Singju


Singju is a dish from Manipur. It originated with the Meitei culture but has been widely adopted by most of the ethnic communities of the state and in some neighbouring states of Northeast India. Often served as a spicy side dish, it is also a popular as an afternoon or evening snack.
Given that its main ingredient are seasonal vegetables, Singju has many variations. However, there are two main types: Veg and Non-Veg.
The veg version of this dish is mainly reserved for ritual occasions where there meat/fish consumption is prohibited.  Non-Veg is the more popular version, and includes the traditional fermented fish, Ngari.

History

, being one of the most ancient independent kingdoms of South Asia, before becoming a part of India in 1949, has many distinctive local customs and traditions, owing to various influences throughout time. The word "Singju" comes from two words - "Manaa-Masing" and "Suba". "Manaa-Masing" means green vegetables and "Suba" means combining. Therefore, in rapid pronunciation the word "Manaa-Masing" drops to "Sing" and the word "Suba" transform to "Ju" for the better pronouncement. As a result, the word, "Singju" was born.

Preparation

Singju is a versatile dish that may be made vegetarian or non-vegetarian. There are two distinct ways to prepare singju.

Veggie Singju

A veggie singju is mainly served in ritual feasts of the Meitei which are observed at home courtyards or shrine yards, or community complexes.

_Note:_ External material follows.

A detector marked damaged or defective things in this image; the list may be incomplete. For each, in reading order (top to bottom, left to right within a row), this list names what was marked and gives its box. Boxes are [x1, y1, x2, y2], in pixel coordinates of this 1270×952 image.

It can be eaten at family homes too, but typically people prefer the non-veg versions in a non-ritual context.
In this form of the dish, the main ingredients are perilla seeds, chanaa powder, salt, chillies and various green leafy vegetables.

Non-veg Singju

A non-veg version of singju is mainly eaten at home, and widely sold in restaurants all over Manipur, and in some other areas of India as well. The tag "non-veg" is because of the use of the fermented fish ingredient Ngari. Because of this, it can not be served at ritual feasts of the community, which must be vegetarian.
In this type, the main ingredients are Ngari, salt, chillies and green leafy vegetables.

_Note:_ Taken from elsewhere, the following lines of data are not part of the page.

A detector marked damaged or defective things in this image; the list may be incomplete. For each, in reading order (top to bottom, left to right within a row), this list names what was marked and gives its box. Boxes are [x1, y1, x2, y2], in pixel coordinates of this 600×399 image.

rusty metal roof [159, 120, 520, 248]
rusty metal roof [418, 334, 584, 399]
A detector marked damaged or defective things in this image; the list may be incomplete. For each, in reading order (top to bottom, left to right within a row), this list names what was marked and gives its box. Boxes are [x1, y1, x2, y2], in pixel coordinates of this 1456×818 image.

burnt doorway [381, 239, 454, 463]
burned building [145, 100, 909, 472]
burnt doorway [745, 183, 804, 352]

Common Singju Vegetable Ingredients

Any vegetable can be used to make singju, but some are more popular than others.
Popular additions include:
  1. Lotus stem
  2. Stink Bean
  3. Cabbage
  4. Cauliflower
  5. Hawai Debi or Tebi
  6. Hawai Maton
  7. Unripe Papaya
  8. Banana Flower
  9. Rice Bean
  10. Onion

    Morok Metpa or Ametpa

Morok Metpa or Ametpa is another singju like dish. Morok means chilli and Metpa/Ametpa meaning crush. It is traditionally eaten along with daily meals at home but are not served at rituals. Like singju, it can be prepared in two ways, veg and non-veg, the former is usually eaten during the mourning period until the shraddha ceremony or on days when people skip any type of fish/meat due to religious beliefs. It is usually made by frying red chillies, chives and onions as opposed to the usual steamed or roasted fermented fish and chillies eaten everyday.